Have you been following the recent New Tech City’s “Bored and Brilliant” challenge aimed at getting people (users) to amp down their time spent on apps, texting, gaming, and all manner of media usage? (In New York, go to WNYC or Channel 1, or google it). In response to their clever on-line forums, a few (low tech) thoughts:

High value communication requires deeper, slower thought than most of us are capable of in this speedy, tech-heavy, platform-weary world. I think about this when I hear people rudely flooding every public place with their very private (and often boring) talk on their newly upgraded devices. However, practically speaking, some of us need to tech UP, not down or less.

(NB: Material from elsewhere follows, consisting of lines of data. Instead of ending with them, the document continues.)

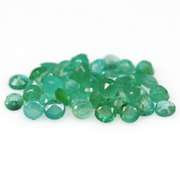 Bright emerald green 3.30ct 41pc emerald set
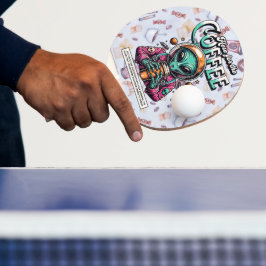Alien voor de koffie tafeltennisbatje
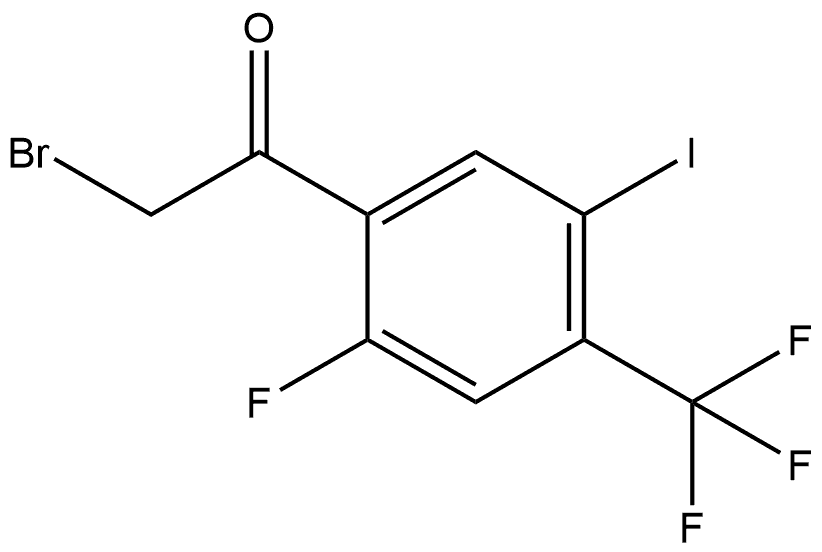 2-Bromo-1-[2-fluoro-5-iodo-4-(trifluoromethyl)phenyl]ethanone Structure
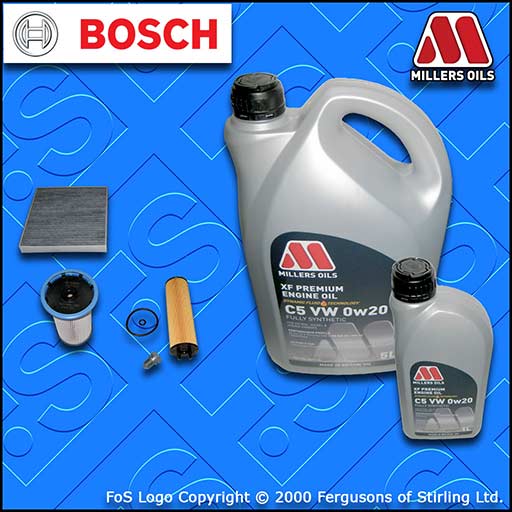 KNS Service Kit For Audi Q3 2.0 TDI Diesel 2011-2019 - Oil, Fuel, Air & Cabin Filters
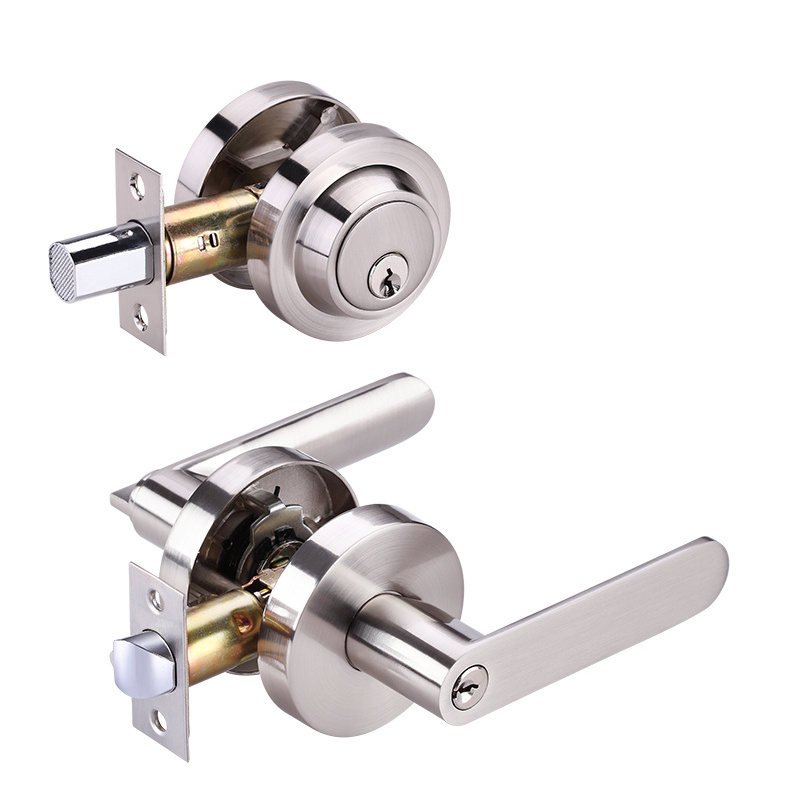 2024 Heavy duty lever lock with single deadbolt lock security Zinc alloy combo door  Lock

We need to get up to speed for all the obvious reasons, but I’d be happy, never bored, and maybe even a little more brilliant if I never had to deal with social media platforms and their whiny offspring.

A lot of us don’t like new tech/media, but feel obligated to jump on board. And by the time the over 50 or 60 crowd catches up with the Millenials, the next thing has been invented and downloaded into our collective consciousness. Perhaps you share some the following quandaries, and if so, what do you do to address them?

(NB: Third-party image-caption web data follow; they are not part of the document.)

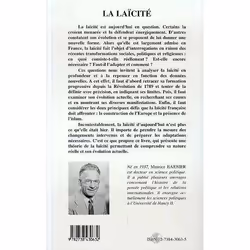 ISBN La Laicite, société, Français, Livre broché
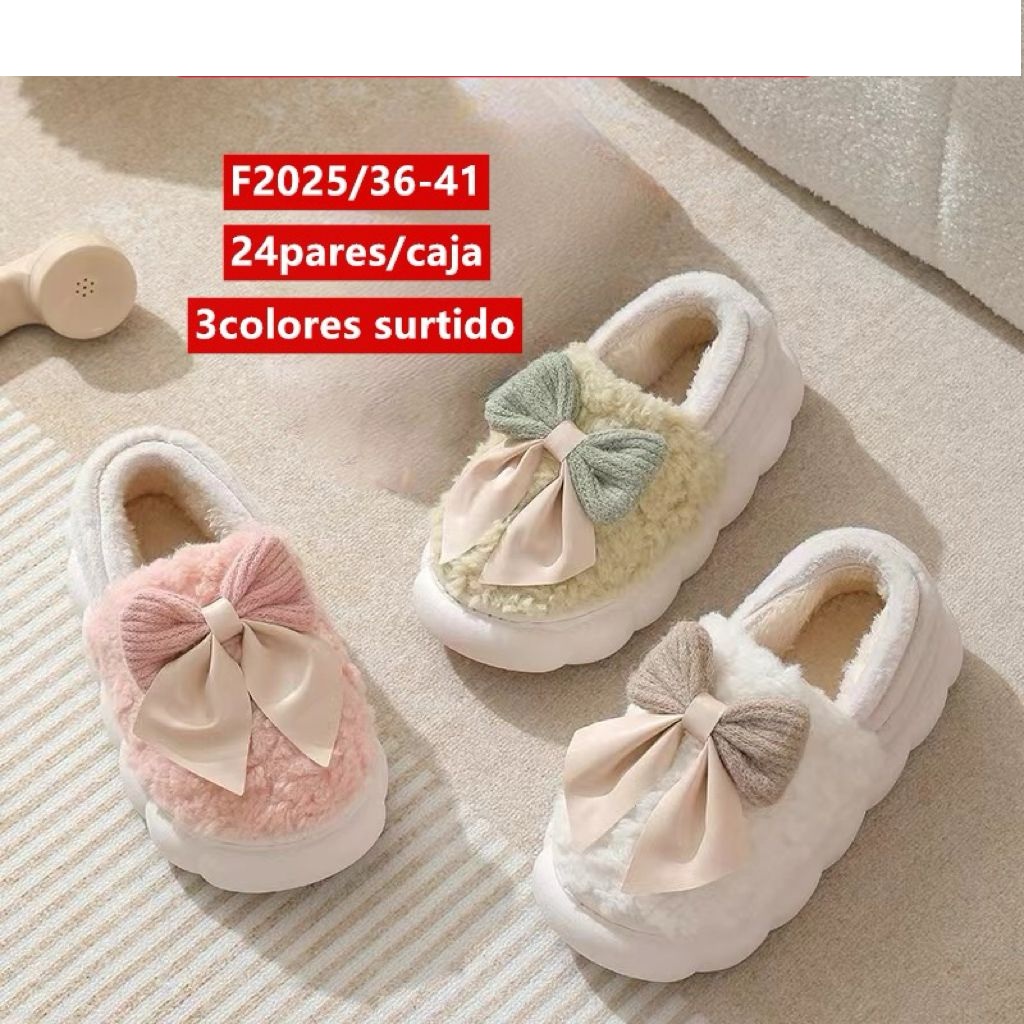 Pantufla con plataforma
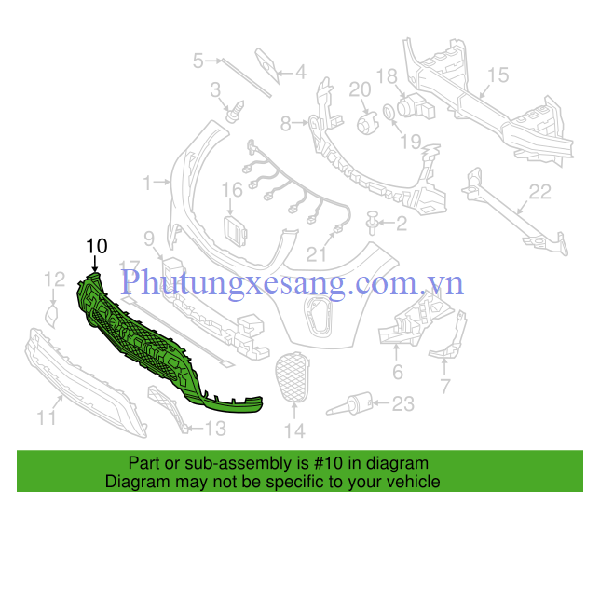 Xương nhựa hướng gió cản trước Merce Xương nhựa hướng gió cản trước Merce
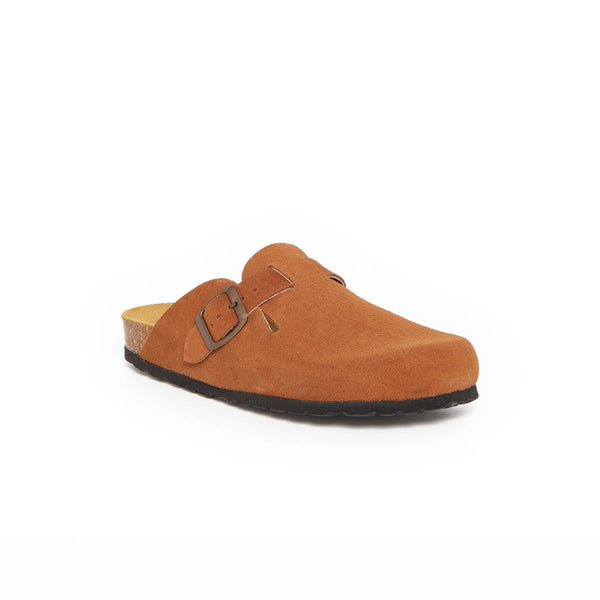 ISABEAU CAMEL SUEDE - MULE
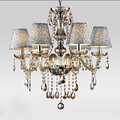 Chandelier Traditional/classic Feature For Crystal Living Room Glass Bedroom Vintage Electroplated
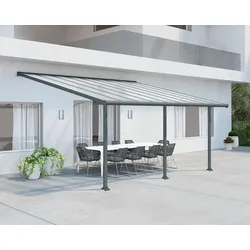 Palram - Canopia Olympia Terrassenüberdachung anthrazit B 546 x H 305 x T 295 cm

  1. How do you catch up with the avalanche of new media, tech, apps, and upgrades?
  2. How do you get away with as little tech-ing as possible, given that many (especially older) people are just not that into it/addicted?

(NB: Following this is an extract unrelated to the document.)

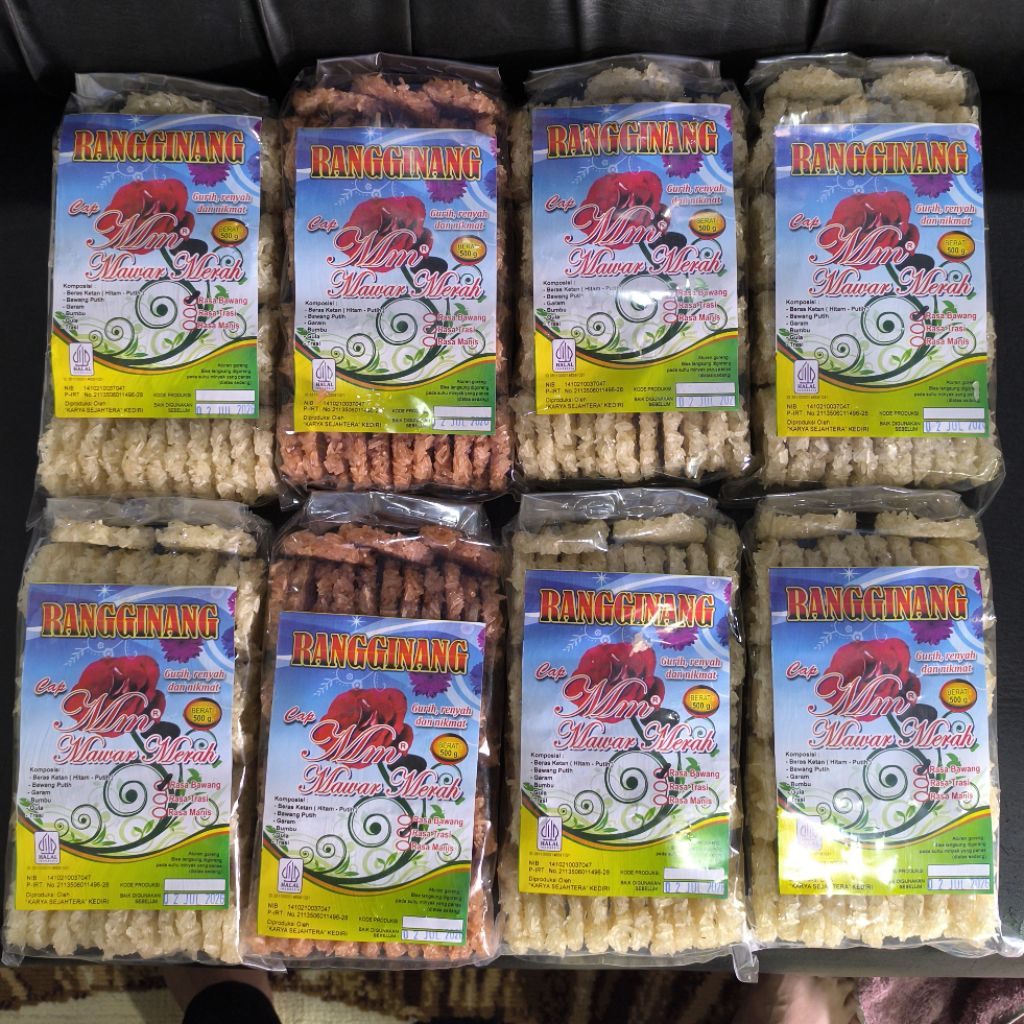 

Rengginang Mentah Cap Mawar Khas Kediri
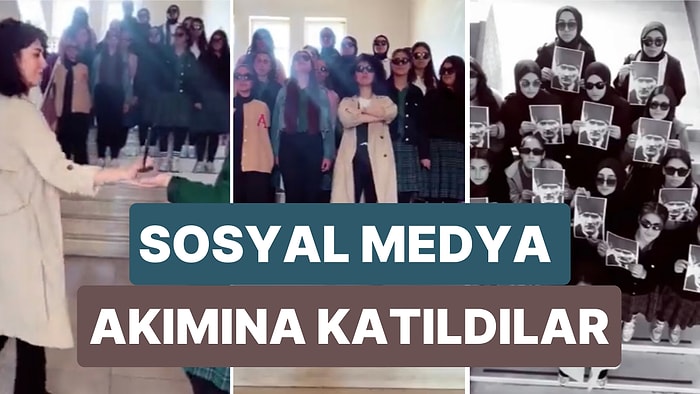 Bir Öğretmen ve Öğrencileri Sosyal Medyadaki Akıma Etkileyici Bir Video ile Dahil Oldu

  3. Over-usage of new tech apps or i-phones can make us less brilliant at such arcane arts as conversation, writing, and spelling. How about replacing usage with, say, writing a thank you note, calling Grandma from a landline phone, or spelling words as they were intended to be spelled?
  4. Finally, before you tell all, promise to cut your texting time in half, or take a day off from i-photos, step back and ponder what your priorities are today and in the future:
  1. What did you do before the SM/tech avalanche (assuming you were born before cell phones were invented)?
  2. How is tech/media usage making you a more successful, better, or happier person, writer, etc.? Will cutting down improve or impede your life?
  3. What’s the healthy, stress-releasing balance?

Finally, what will you do with tech time saved by cutting back on emails, reading blogs and blogging about them–read a book?? Now, do tell, in any media that you like. Thanks!